Aston Martin Vantage review – design

Fast and fun Vantage is very different to its predecessor, but fun, and faster than ever

Evo rating
Price
from £120,900
  • Dominating powertrain; balanced and playful chassis
  • Can feel bulky and sometimes unwieldy; doesn’t engage like the best in class

So there’s always been a critical factor to the current Aston Martin Vantage’s exterior design which has inexorably held it back. Its predecessor, the V8 Vantage from 2005, is quite possibly the best bit of contemporary car design ever. Henrik Fisker, who also penned the larger DB9, gave the Vantage some almost impossibly stunning lines, shrink wrapping his technical yet finessed surfacing style atop the VH-II platform with stunning results.

This no doubt made life very difficult for Aston Martin and its current EVP and creative technical officer Marek Reichman, who didn’t just have to reimagine the Vantage, but do so in an environment of ever more technical, complicated and exaggerated forms that the market demands. Reichman had all the tools, though, with an equally stunning set of proportions and a remit to create something with more visual aggression.

It’s safe to say that initial responses didn’t go down too well, largely on account of the ‘Hunter’ grille. This first, large-scale adaptation of the classic Aston grille shape occupied the front end’s lower fascia, but left only the tiny, somewhat unresolved headlights to break up the huge unadorned clamshell bonnet.

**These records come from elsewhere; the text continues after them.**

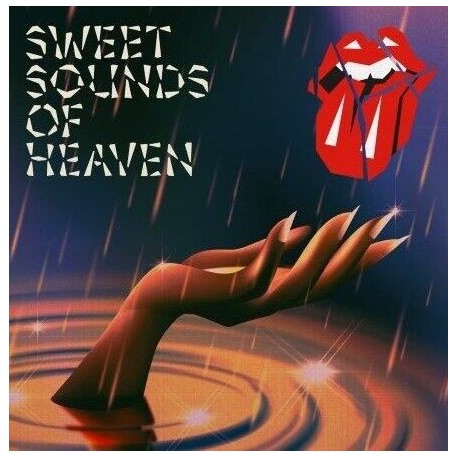 Rolling Stones-Sweet Sounds Of Heaven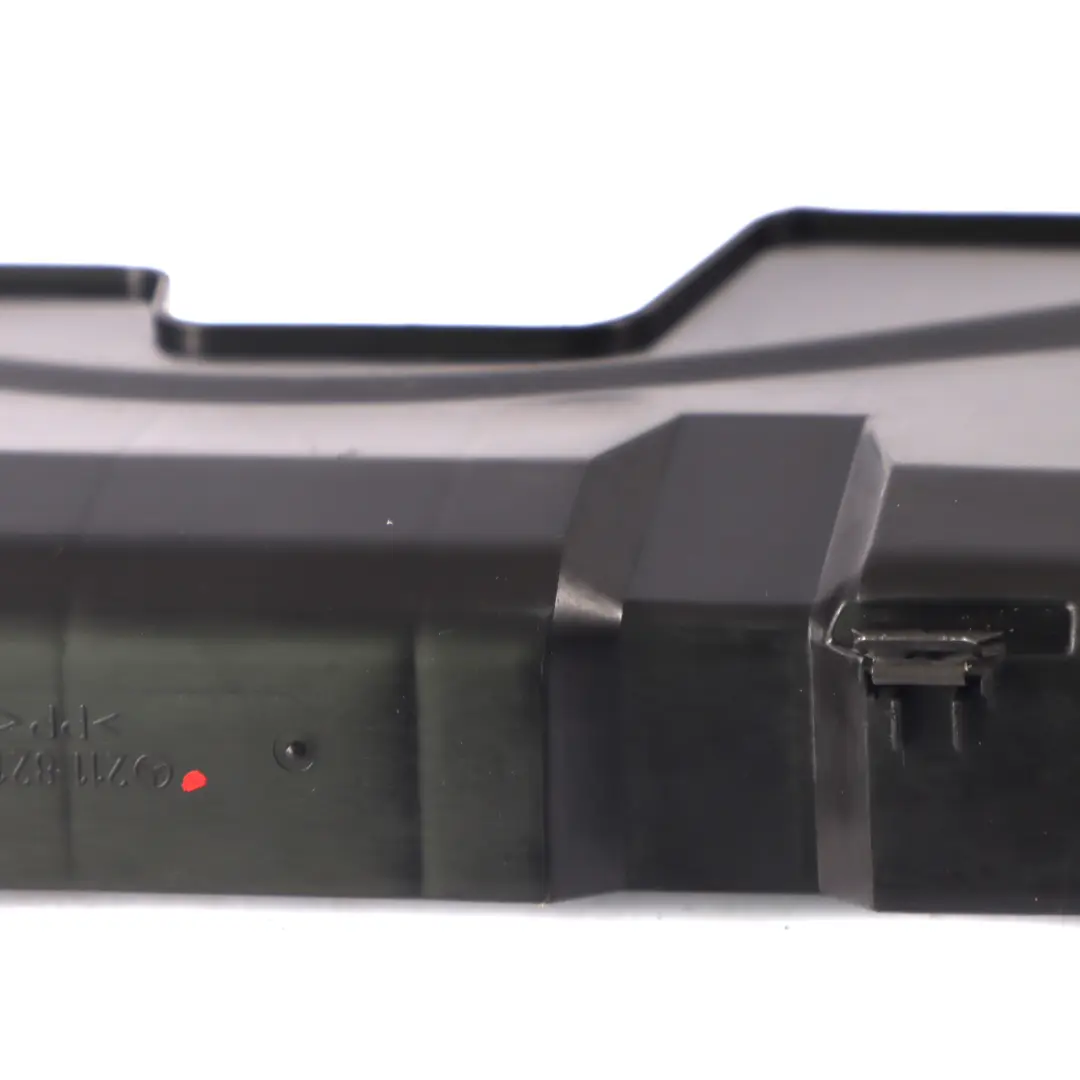  Kabelkanal Mercedes W211 C219 Vorne Rechts Leitungen Kabelkanal - SKU A2118210036 - Teilenummer A2118210036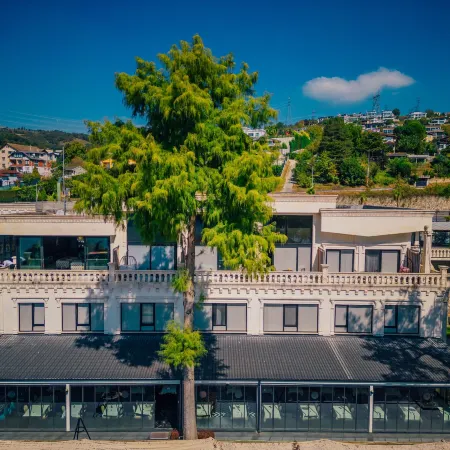 Dellago Luxury Hotel Sapanca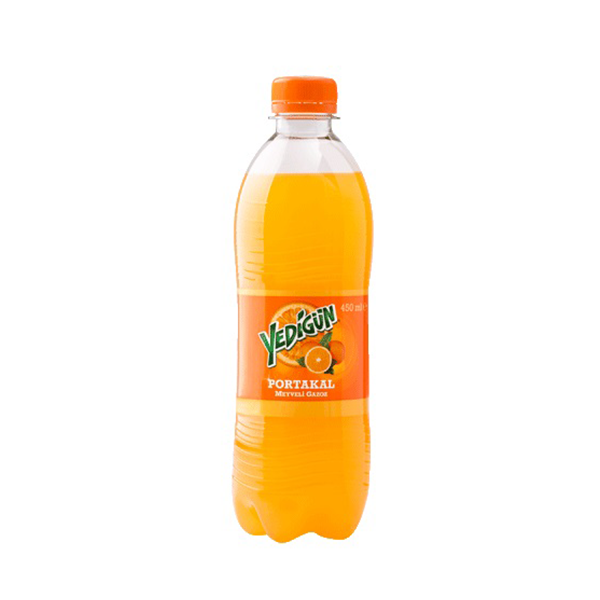 Yedigün 450ml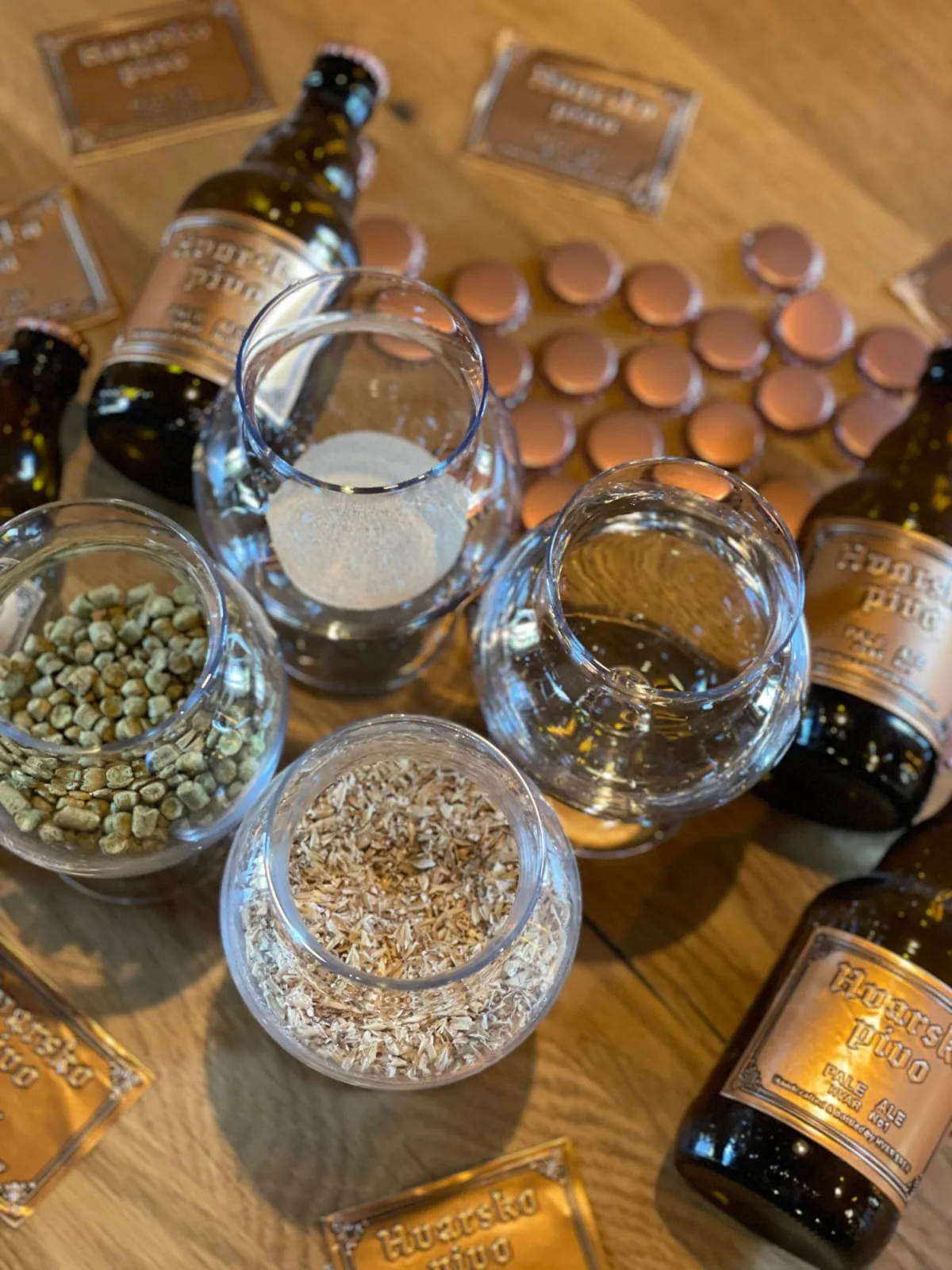 Hvarsko pivo — fotografija 8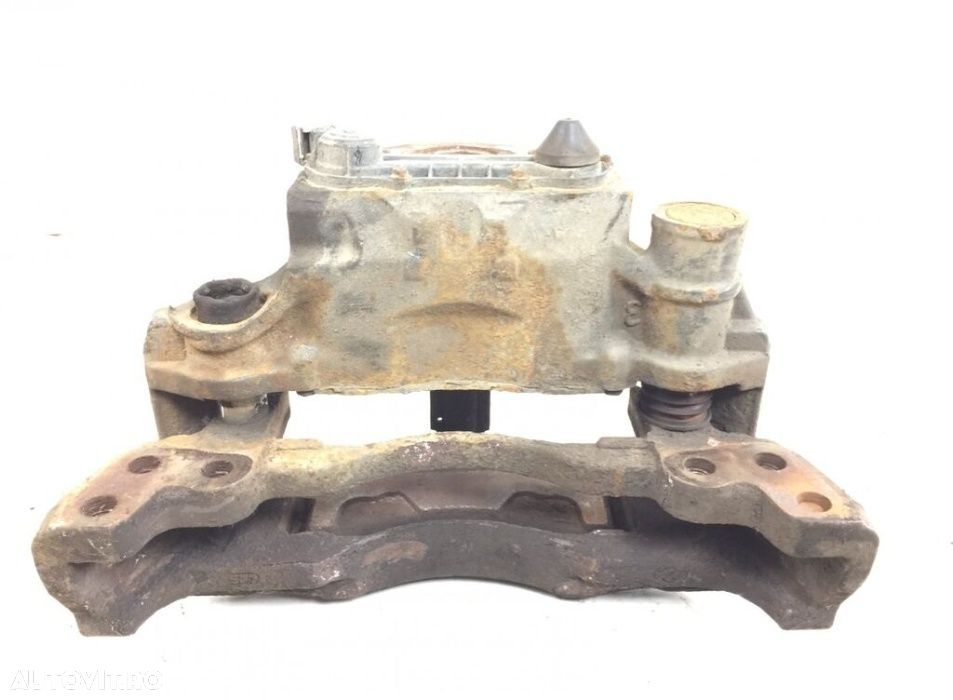 Etrier Mercedes Actros MP1 MP2 MP3 din dezmembrari - 2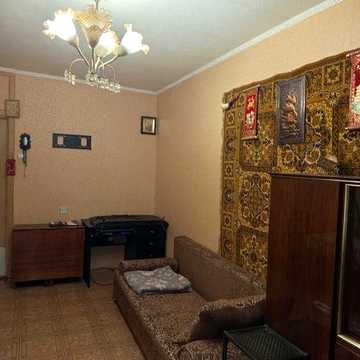 Сдам 2 ком кв м. Героев труда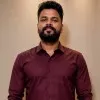 P Sudhish Mon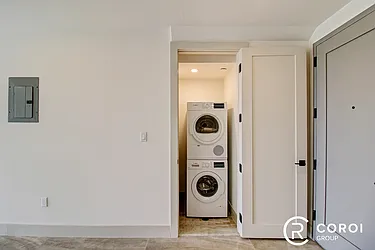 Rented by Coroi Corp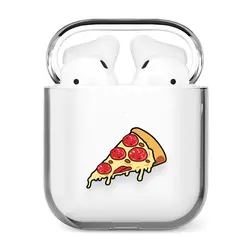 قاب ایرپاد وینا مدل Pizza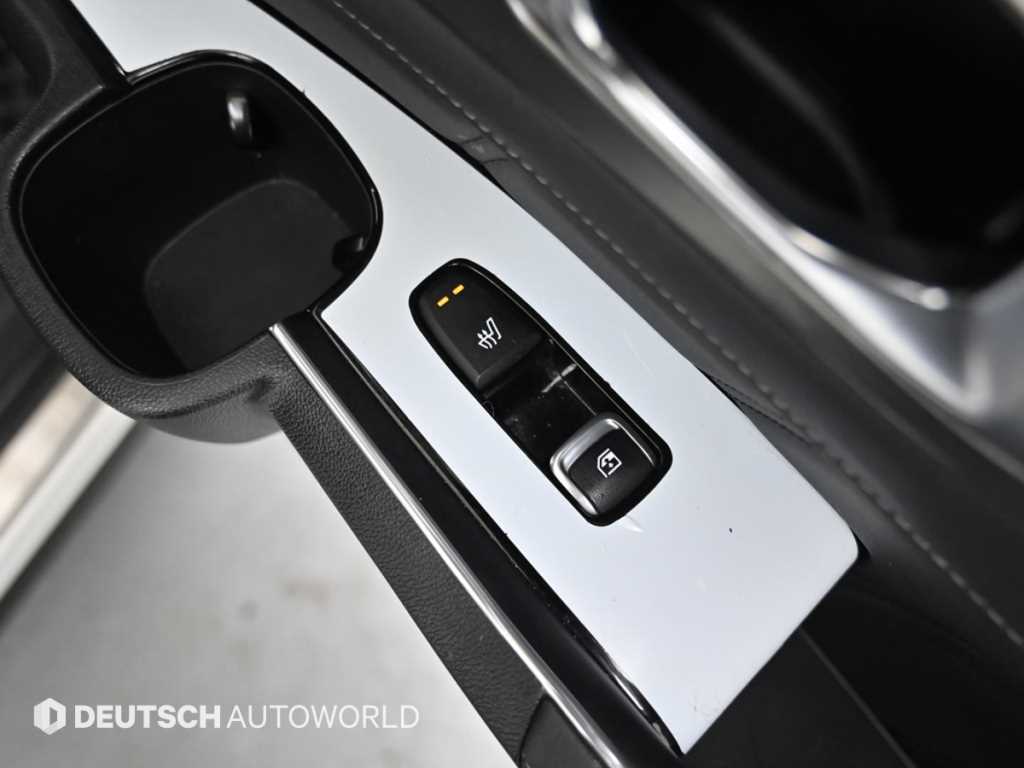 KIA Sorento 2022 Blanco - Importación desde Corea - HF Imports Iquique - Foto 16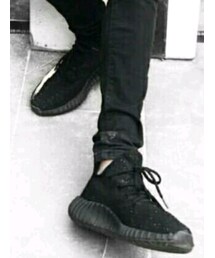 yezzy boots V2  | スニーカー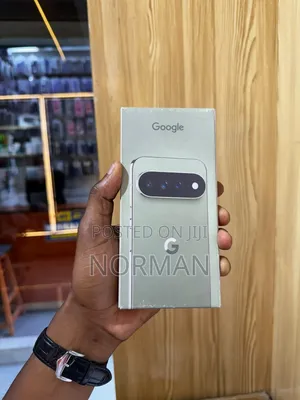 New Google Pixel 11 Pro XL 256 GB Gray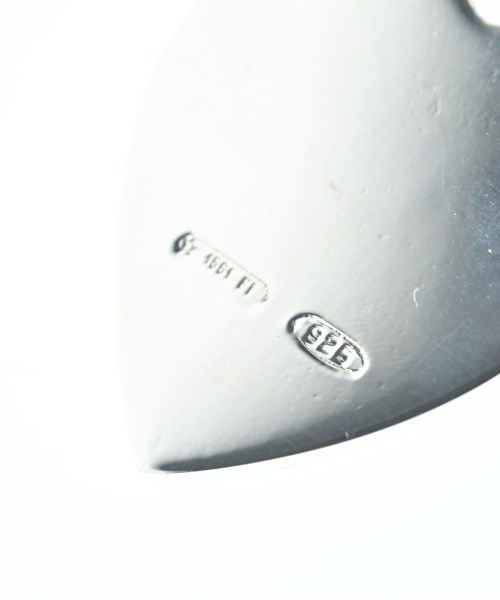 GUCCI（グッチ）ブレスレット・バングル シルバー サイズ:- レディース/2200633429119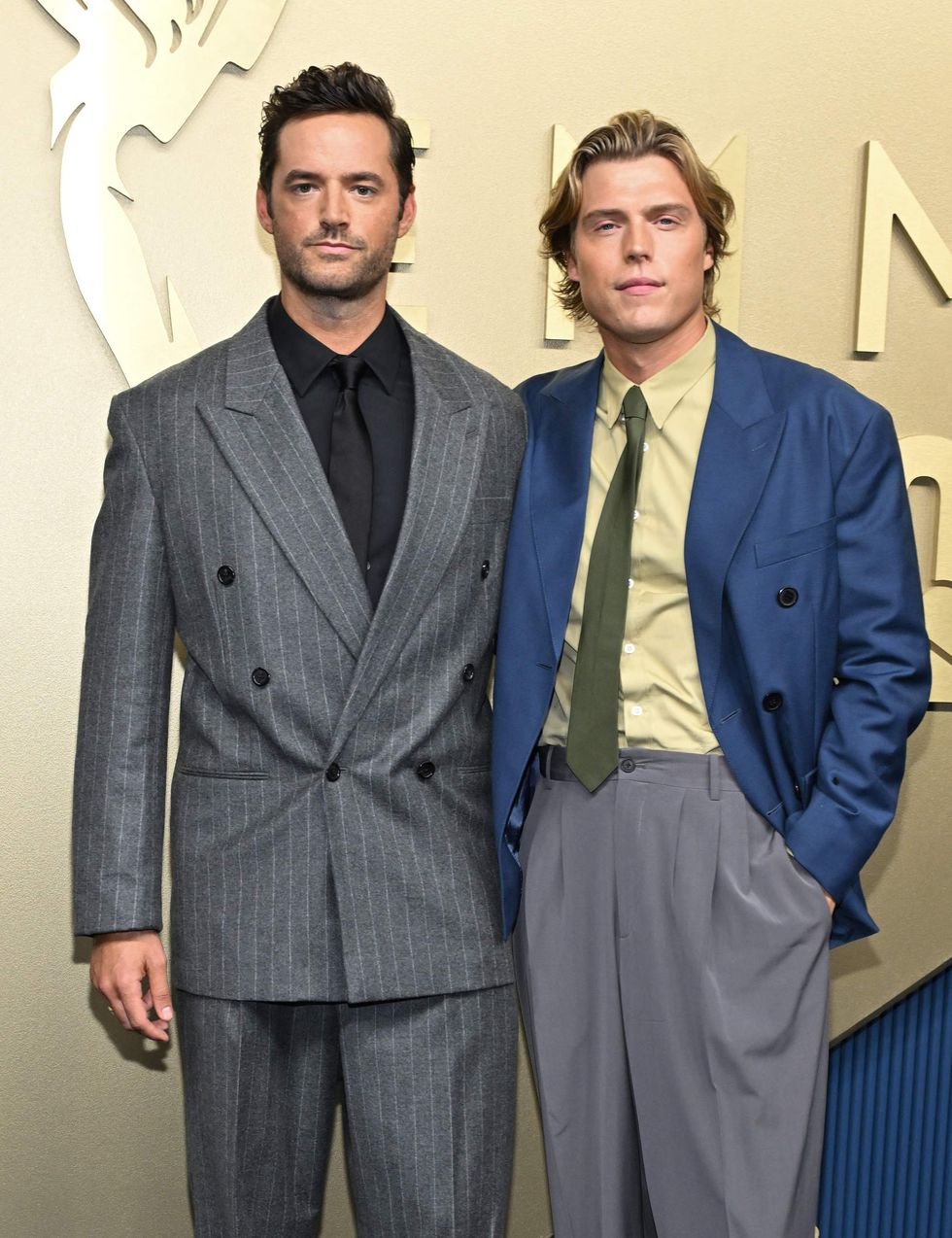 Connor Hines & Nathan Kohnen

Other elements, such as the somewhat awkward lighting signature at the rear, over-accentuated lower sills and rear diffuser all overrode the Vantage’s stunning proportions.

Other elements were marred by production processes that turned otherwise extremely clever and brave details into clumsy points of contention. Things such as the unresolved junctions surrounding the side strake between the clamshell bonnet, lower wing panel and front door didn’t sit right – how could they with three different panels, each made from three different materials via different manufacturing processes.

Yet look beyond these elements and the overall design is not defined by its huge arches, grille or clumsy details, but the fact Reichman and his team bravely decided not to give the Vantage a typical wedge (or rising beltline towards the rear), but instead a falling tail as it reached the pert rear, leaving the cab and its trailing edge to form the distinctive ducktail on its own. The Hunter grille was another moment of brilliance, as it allowed the bonnet’s surfacing to do the talking – something the non-metallic chartreuse yellow launch colour seen on the first publicly viewed examples completely masked.

With tighter shut lines, a more resolved side strake, a removal of the rear light bar (which did little more than make for some messy junctions around the tail and exaggerate the narrow cab) and a finer hand to the lower sills, splitter and diffuser, the current Vantage might well have been just as visually successful as its superb predecessor.

Unfortunately, the modifications made by the team in subsequent Roadster and F1 Edition models haven’t helped – the traditional slatted grille only makes the nose look even more contrived (thankfully the original grille is still available). Despite these issues, though, the Vantage is still a spectacular-looking vehicle, especially when moving through a landscape as opposed to rotating on a motor show turntable.